* _ACTIVITY_
In the listing below, find the line with "Peach Orange Color" and the line with "Vert Olive Top", then return them and every line between them exactly, minus the pictures.

* _RECORDS_
○ ○ ○ ○ ○ ○ ○
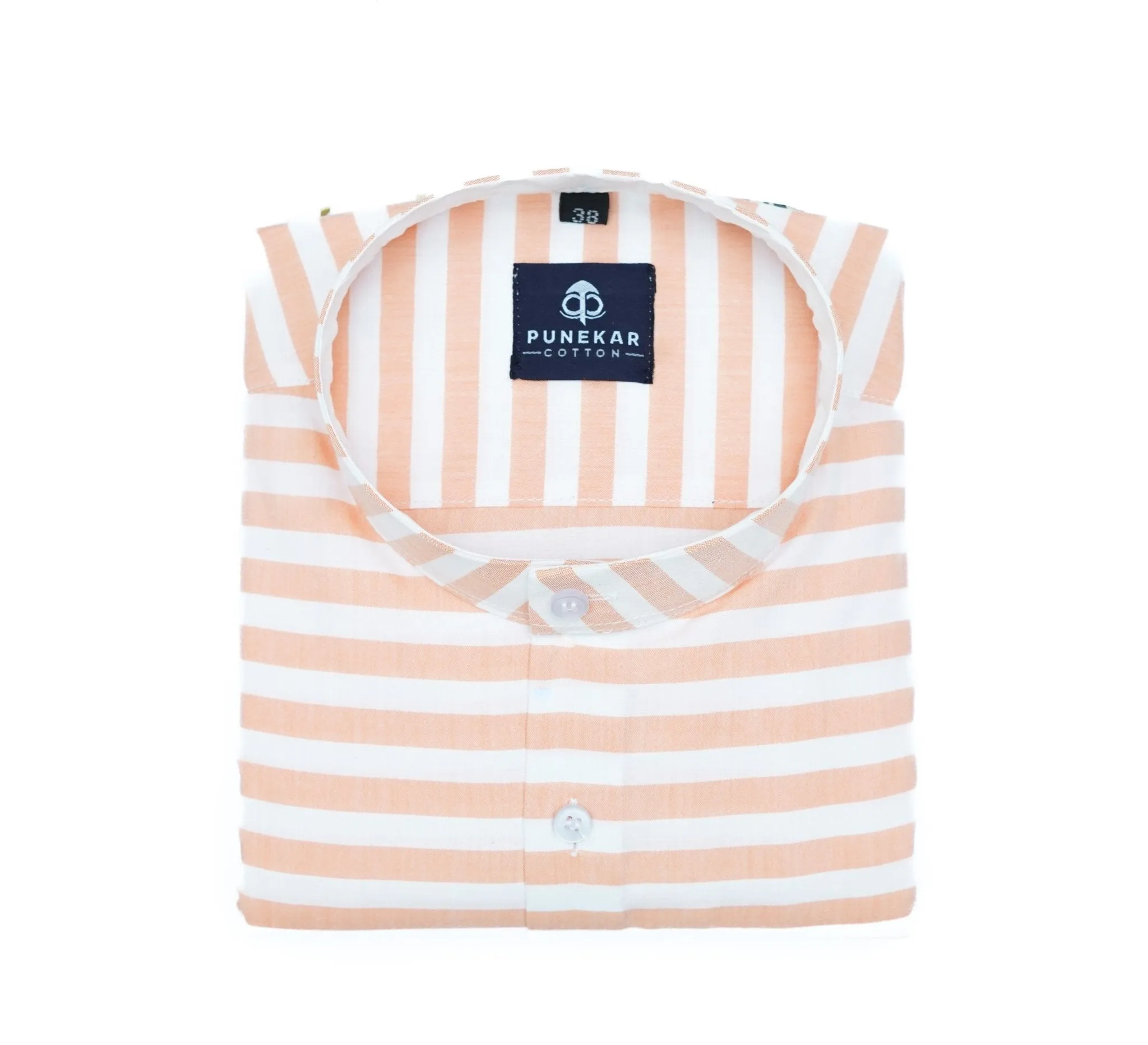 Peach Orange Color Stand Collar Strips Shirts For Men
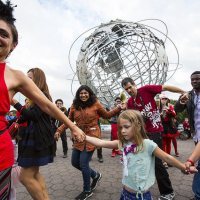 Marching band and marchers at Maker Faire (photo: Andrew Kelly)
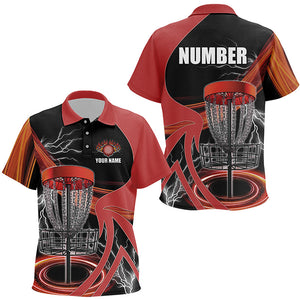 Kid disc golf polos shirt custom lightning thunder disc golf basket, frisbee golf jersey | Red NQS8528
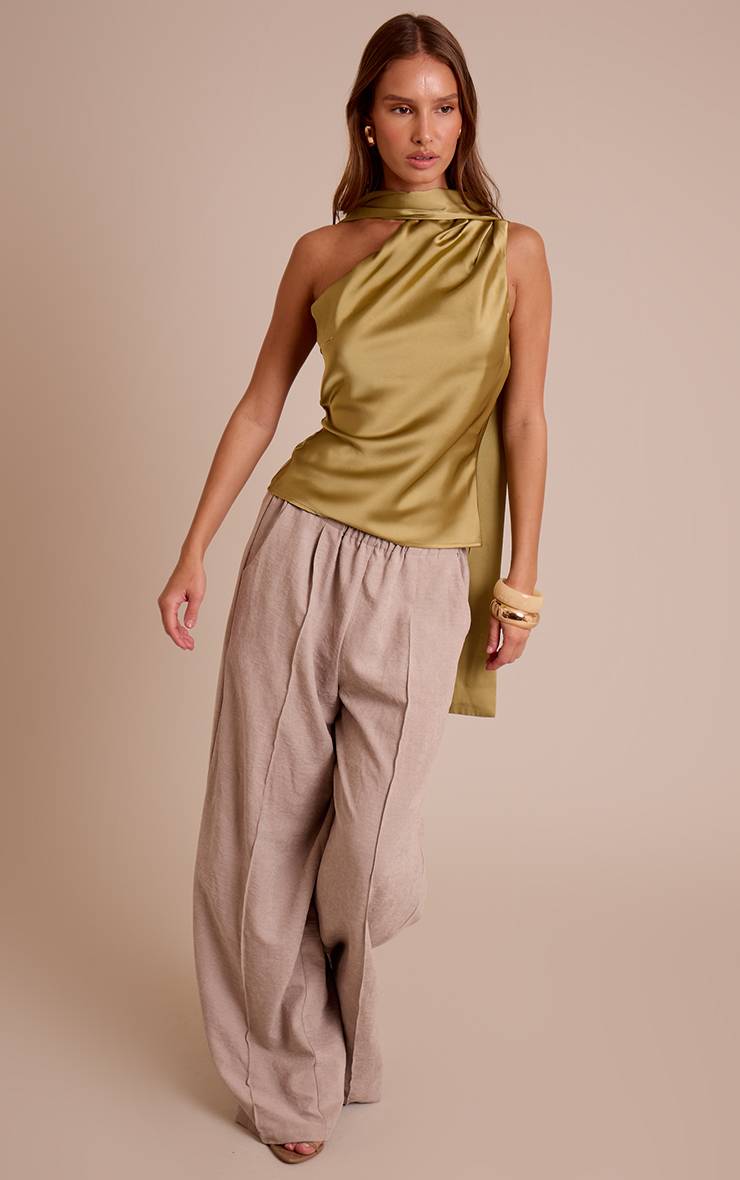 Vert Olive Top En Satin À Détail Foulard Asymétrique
○ ○ ○ ○ ○ ○ ○
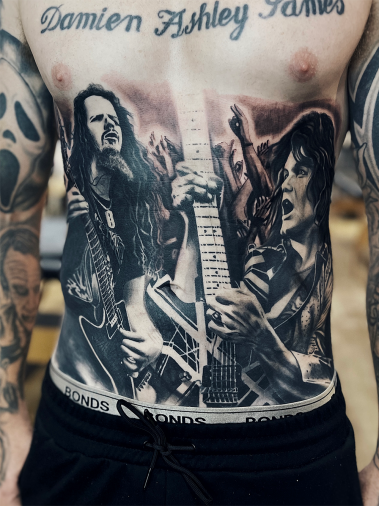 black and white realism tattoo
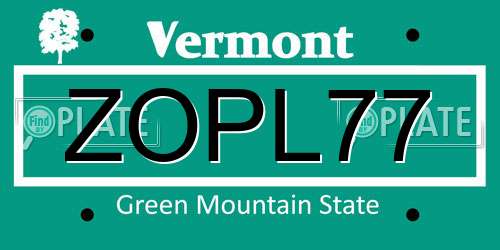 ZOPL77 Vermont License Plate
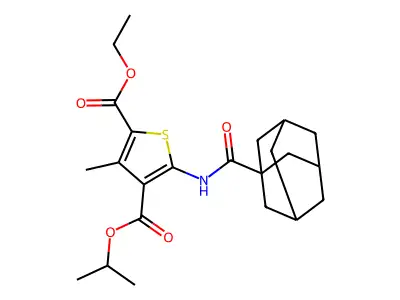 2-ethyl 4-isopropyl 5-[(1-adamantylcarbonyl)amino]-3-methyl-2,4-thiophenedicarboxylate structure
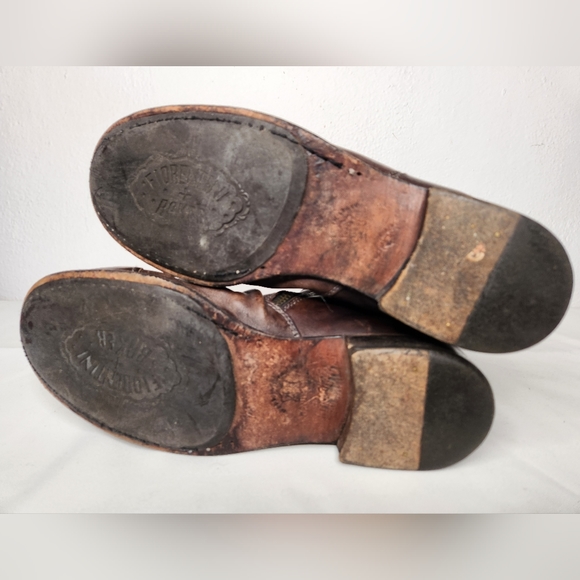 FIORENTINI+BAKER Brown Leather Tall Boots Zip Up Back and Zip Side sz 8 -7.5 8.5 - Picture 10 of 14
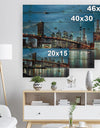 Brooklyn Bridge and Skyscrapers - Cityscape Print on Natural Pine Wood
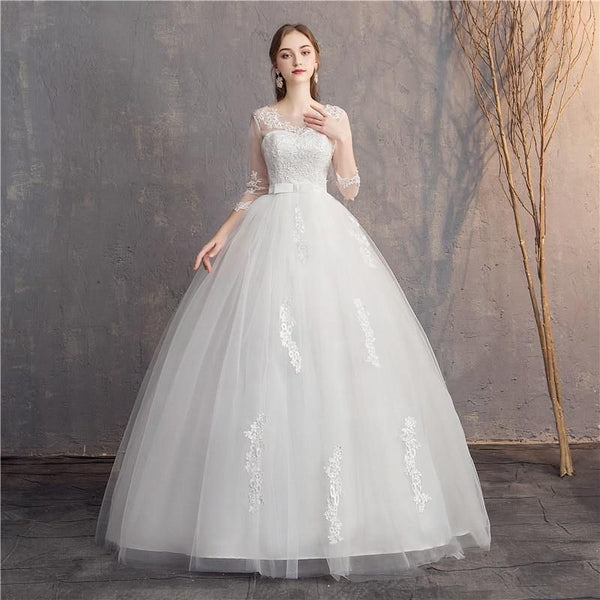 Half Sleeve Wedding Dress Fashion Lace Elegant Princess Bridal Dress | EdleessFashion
○ ○ ○ ○ ○ ○ ○
* _ANSWER SPACE_
 Peach Orange Color Stand Collar Strips Shirts For Men
 Marching band and marchers at Maker Faire (photo: Andrew Kelly)
 Kid disc golf polos shirt custom lightning thunder disc golf basket, frisbee golf jersey | Red NQS8528
 Vert Olive Top En Satin À Détail Foulard Asymétrique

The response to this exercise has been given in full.